Bug description
Hi I want to upgrade Superset 4.0.2 to 4.1.1 version using Helm. helm upgrade --install superset superset/superset -f values.yaml I got issue with psycopg2. Help, please.
Screenshots/recordings
Defaulted container "superset-init-db" out of: superset-init-db, wait-for-postgres (init)
Upgrading DB schema...
Loaded your LOCAL configuration at [/app/pythonpath/superset_config.py]
2024-11-22 03:34:11,278:ERROR:superset.app:Failed to create app
Traceback (most recent call last):
File "/app/superset/app.py", line 40, in create_app
app_initializer.init_app()
File "/app/superset/initialization/init.py", line 476, in init_app
self.setup_db()
File "/app/superset/initialization/init.py", line 667, in setup_db
pessimistic_connection_handling(db.engine)
File "/usr/local/lib/python3.10/site-packages/flask_sqlalchemy/init.py", line 998, in engine
return self.get_engine()
File "/usr/local/lib/python3.10/site-packages/flask_sqlalchemy/init.py", line 1017, in get_engine
return connector.get_engine()
File "/usr/local/lib/python3.10/site-packages/flask_sqlalchemy/init.py", line 594, in get_engine
self._engine = rv = self._sa.create_engine(sa_url, options)
File "/usr/local/lib/python3.10/site-packages/flask_sqlalchemy/init.py", line 1027, in create_engine
return sqlalchemy.create_engine(sa_url, engine_opts)
File "
Superset version
master / latest-dev
Python version
3.9
Node version
16
Browser
Chrome
Additional context
No response
Checklist
- [X] I have searched Superset docs and Slack and didn't find a solution to my problem.

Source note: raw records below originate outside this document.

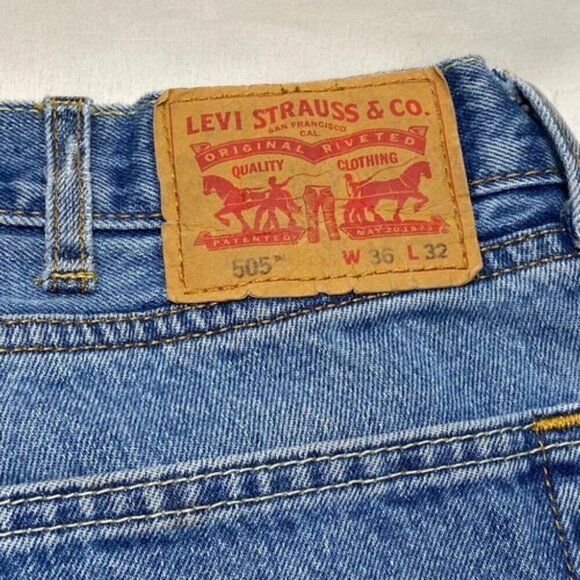Levi's 505 Men's Blue Jeans Medium Wash Regular Fit 36x32 Straight Leg Stretch - Picture 9 of 11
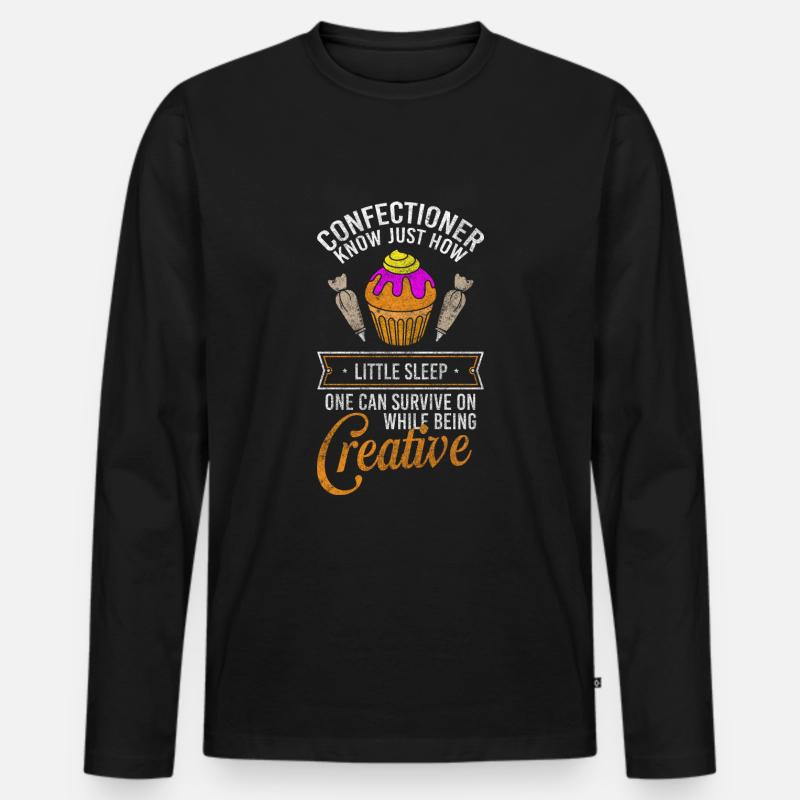 Konditor Backen Törtchen - Männer Premium Bio Langarmshirt - Schwarz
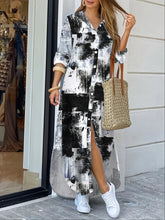 Button Solid Color Irregular Hem Maxi Shirt Dress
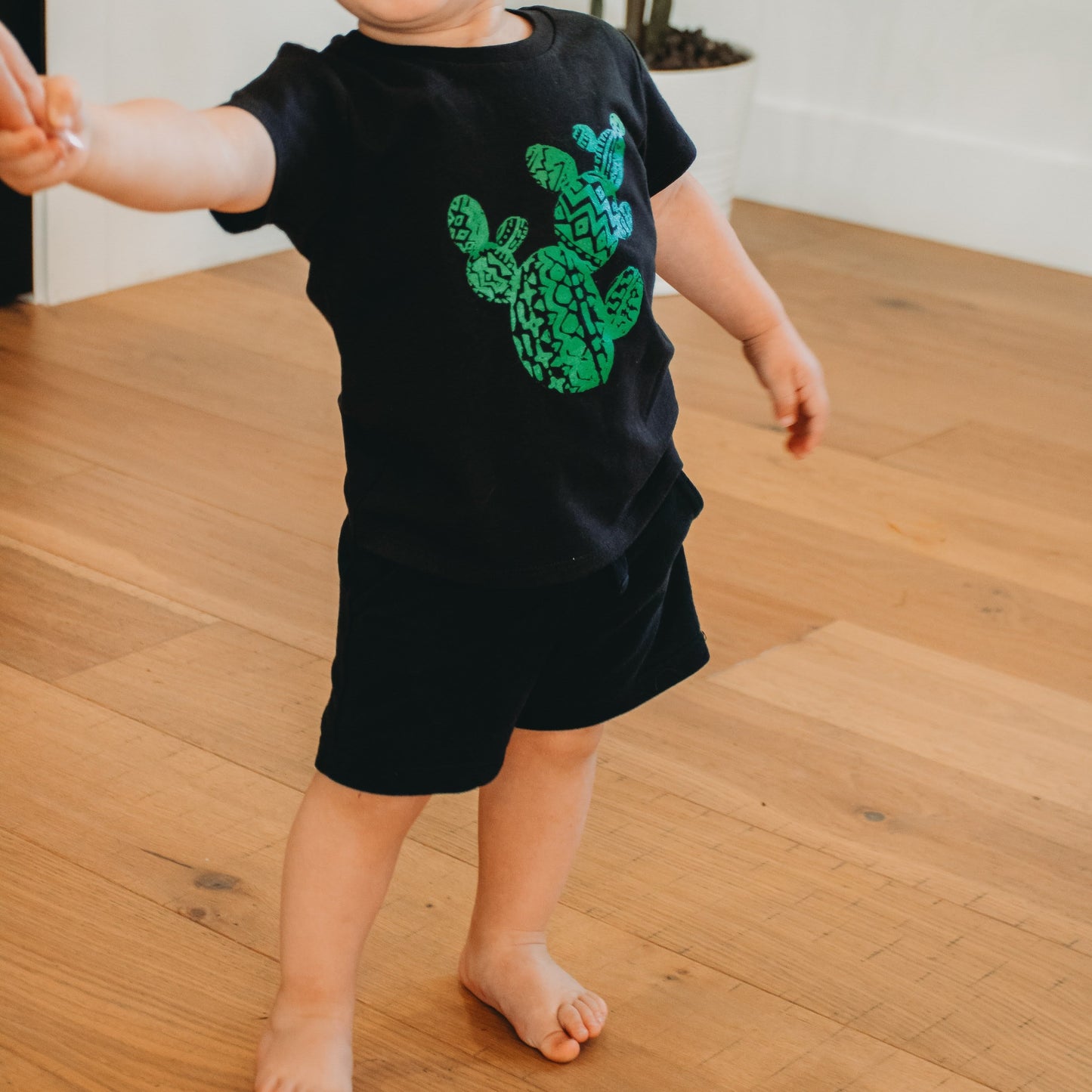 Aztec Prickly Pear On Black Toddler T-Shirt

- [X] I have searched the GitHub issue tracker and didn't find a similar bug report.
- [X] I have checked Superset's logs for errors and if I found a relevant Python stacktrace, I included it here as text in the "additional context" section.
Comment From: dosubot[bot]
Hello @kirmorozov1992! I'm here to assist you with any bugs, questions, or contributions you have. Let's work together to solve the issue you're facing.
To resolve the "No module named 'psycopg2'" error when upgrading Apache Superset using Helm, you need to ensure that the psycopg2
package is installed as part of the bootstrap script in your Helm chart configuration. You can do this by adding the installation command for psycopg2
in the bootstrapScript
section of your values.yaml
file. Here is an example configuration:
bootstrapScript: |
#!/bin/bash
pip install psycopg2==2.9.6 \
sqlalchemy-bigquery==1.6.1 \
elasticsearch-dbapi==0.2.5 &&\
if [ ! -f ~/bootstrap ]; then echo "Running Superset with uid {{ .Values.runAsUser }}" > ~/bootstrap; fi
This script ensures that psycopg2
is installed when the Superset application starts, which should resolve the module not found error [1].
To continue talking to Dosu, mention @dosu.
Comment From: kirmorozov1992
@dosu Unfortunately it does not help me. Somebody has other advice?
Comment From: dosubot[bot]
This is a tough nut to crack, could really use your help on this, @rusackas.
To continue talking to Dosu, mention @dosu.
Comment From: DavidProdinger
There is the same issue for the docker compose version (docker-compose-image-tag.yml
), not limited to Helm.
Comment From: paulchoi
This worked for me. You need psycopg2-binary
.
You can ignore clickhouse-connect
.
bootstrapScript: |
#!/bin/bash
pip install \
"clickhouse-connect>=0.6.8" \
"psycopg2-binary>=2.9.10" \
&&\
if [ ! -f ~/bootstrap ]; then echo "Running Superset with uid {{ .Values.runAsUser }}" > ~/bootstrap; fi
Comment From: kirmorozov1992
@paulchoi Hi! Do you check this with Docker Compose? I`ve tried many times to change config and reloading, but it is unhelpful for me. I use Minikube.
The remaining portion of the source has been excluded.